Like many expatriates, the Kaiser family became news junkies after arriving in Senegal in July 1961, although our news sources were few.  While we could sometimes find the Voice of America on a short wave broadcast, we had no television of any kind, and depended on the American newspapers from Paris (which arrived a day late) and the international editions of Time and Newsweek.  The news was grim during 1961, including the Berlin crisis and the erection of the wall and the Soviet resumption of nuclear tests, culminating in the detonation of a 50-megaton bomb. (I vividly remember a Newsweek cover showing what that bomb would have done had it landed in Battery Park in Manhattan.)  But in 1962 President Kennedy began to hit his stride, and a series of dramatic stories found their way to us.  In the spring he forced the steel companies to roll back an inflationary price increase. “It’s a revolution,” my father remarked, as he handed me the paper with the news.  In September came the battle over the admission of James Meredith to the University of Mississippi.  And then, the next month, one Monday morning, my father called me into my parents’ bedroom to brief me on the President’s announcement that Soviet missiles had been discovered in Cuba.  With events unfolding so rapidly, our lack of news was never more painful than it was then.  We received film of the president’s address and watched it during the week, but it wasn’t until many years later that I realized how close we had come to war.  But my father the following Sunday got word through the Embassy that Khrushchev had agreed to pull the missiles out.  It was another triumph for the President.  The most rueful moment of those two years came a couple of weeks later, the day after the midterm elections, when I, glued to the short wave, heard Richard Nixon’s press secretary read his concession in the California governor’s race.  “Vice President Nixon will not be making a statement himself,” he said, and I turned off the radio and ran to give my parents the news.  As it turned out, of course, Nixon did appear and gave some of the most famous remarks of his career, including, “You won’t have Nixon to kick around anymore.”

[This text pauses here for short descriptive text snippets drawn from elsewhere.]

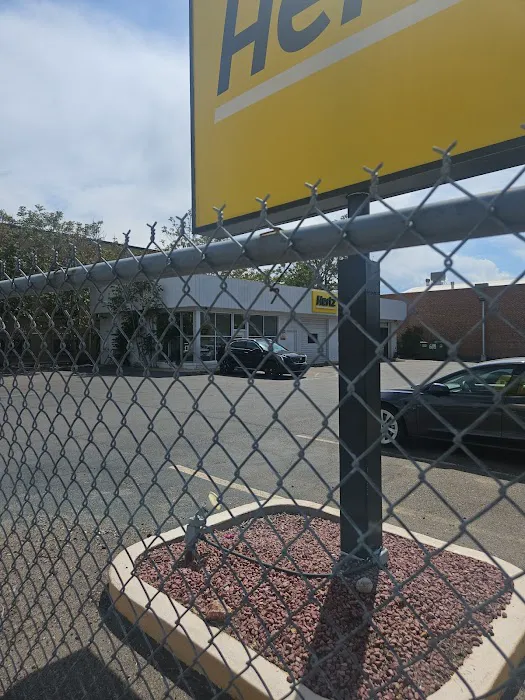 Hertz Car Rental - Denver - East Colfax Avenue Picture 6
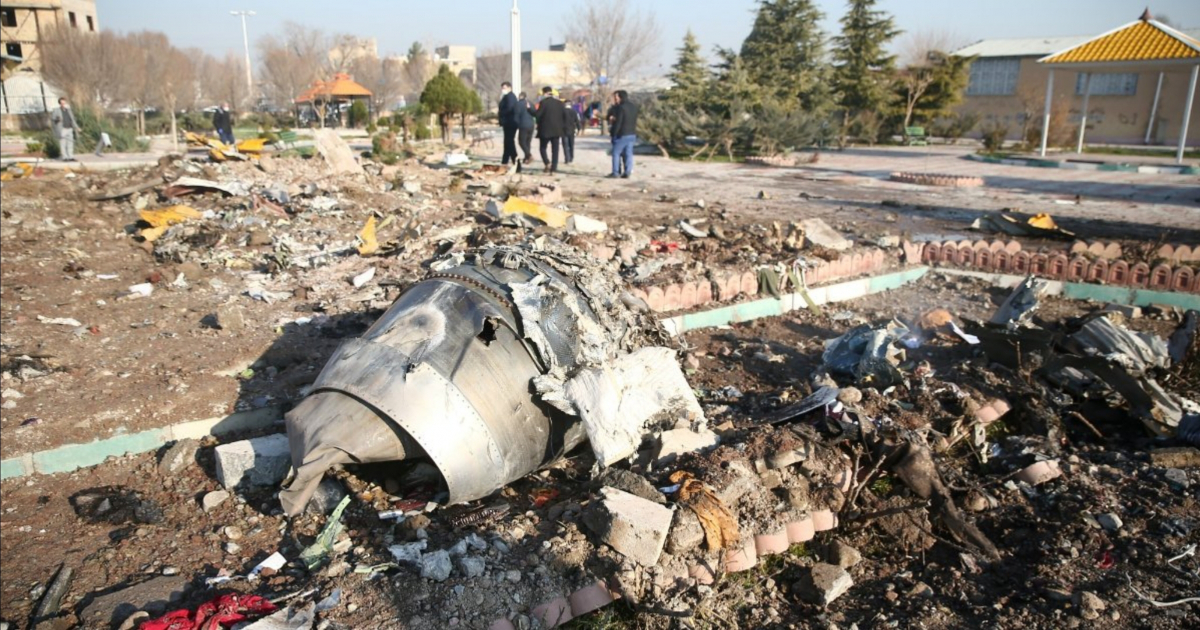 Restos del avión siniestrado que pertenecía a Ukrainian International Airlines © Nazanin Tabatabaee / WANA via Reuters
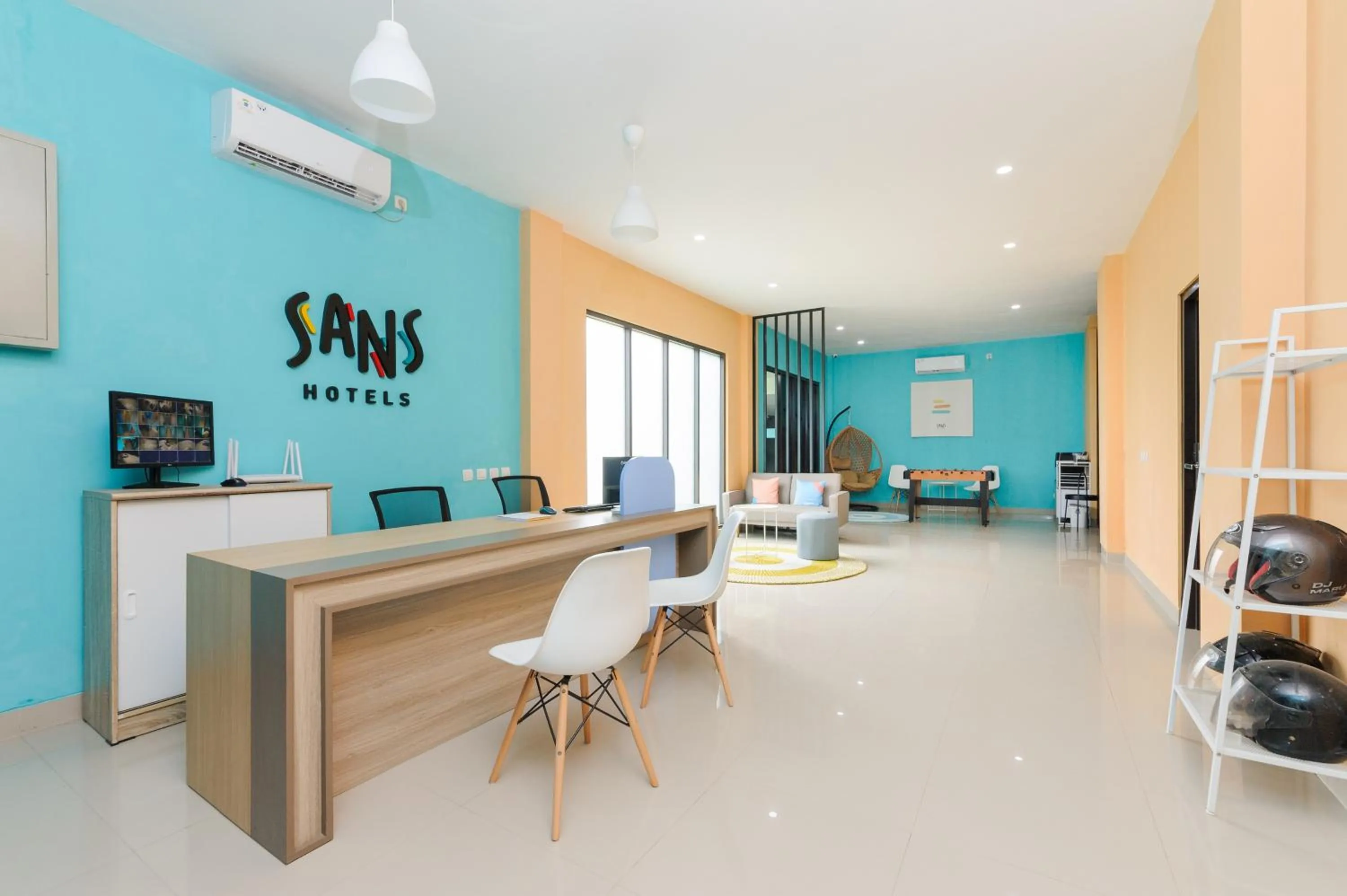 Lobby or reception in Sans Hotel Cibanteng Dramaga Bogor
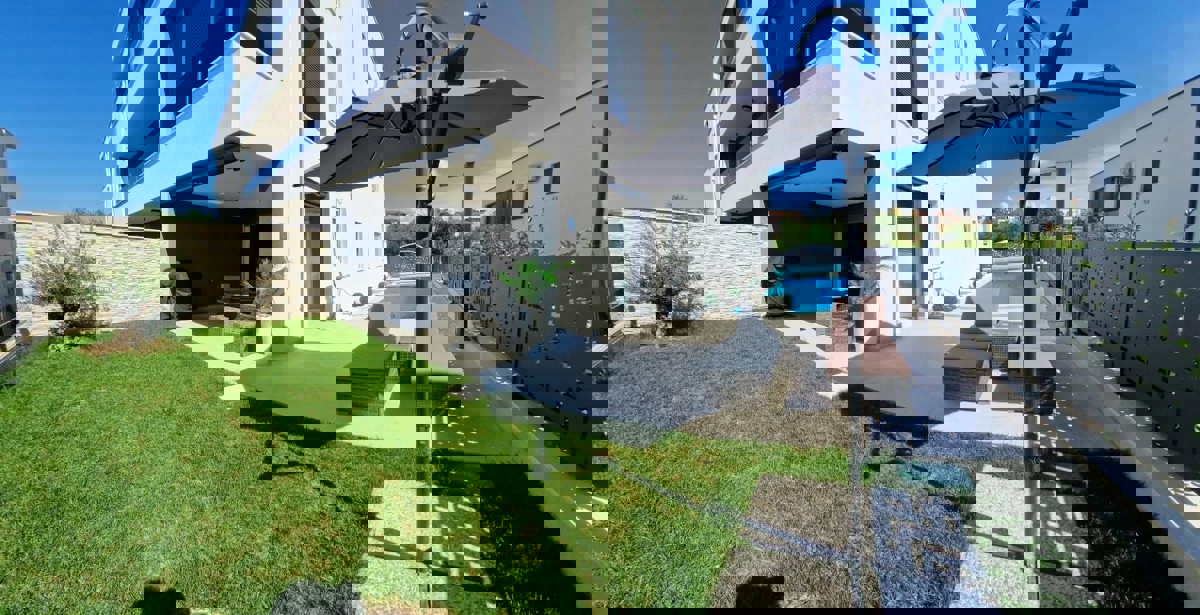 NOVIGRAD - PRITLIČNO STANOVANJE Z BAZENOM NAPRODAJ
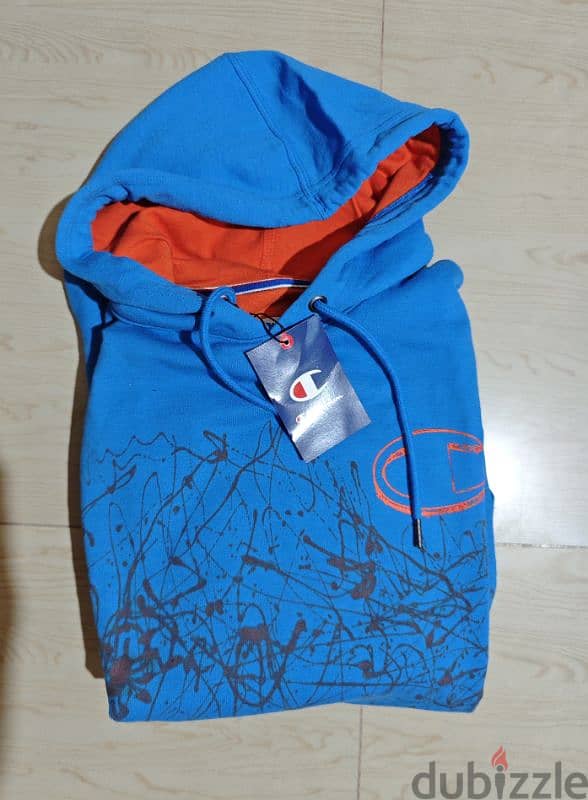 new champion hoodie size M, L 1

I returned to a very different United States on July 5, 1963, from the one I had left.  Americans were orbiting the earth, the economy was booming, and the Administration had introduced a massive civil rights bill and was negotiating a test ban treaty with the Russians.  History, in short, was moving rapidly, and generally in the right direction.  My life was another matter: after a struggle lasting several months, I bowed to my parents’ wishes and agreed to go to boarding school in Connecticut.  They remained at home on leave for most of the fall, and it fell to me, on November 22 at about 2:00 PM EST, to place a collect call and give my mother the terrible news that I had just heard on the radio.  A few minutes later, sitting in the apartment of a teacher at the end of my dormitory corridor, I saw Cronkite read the news of the President’s death.  It was my first and perhaps even now my worst experience of real trauma, and I turned out to be the kind of person who simply shuts down.  For at least an hour I could not speak to anyone.  Our Saturday classes were not cancelled the next morning, and in English I was supposed to write an in-class essay on 1984, one of my favorite books.  I struggled for the whole hour but literally could not write one sentence.  My parents, who had been masters of denial since trauma in their own childhoods, tried to reassure me. “Work, that’s the answer,” my father said.  I came home for Thanksgiving five days later, and on Saturday night my parents had a huge party for all their many Washington friends.  To my shock and amazement, I could not find one single person there who wanted to talk about Kennedy.  All they could think about was Johnson, the great start he was making, and his ambitious plans for the future.
 
One who turned out to be different was William Attwood, another Ambassador, who wrote a moving memorial of Kennedy for Look.   We were close to the Attwoods and a couple of weeks later I received it at school in the form of their Christmas card.  Here is the conclusion of his piece.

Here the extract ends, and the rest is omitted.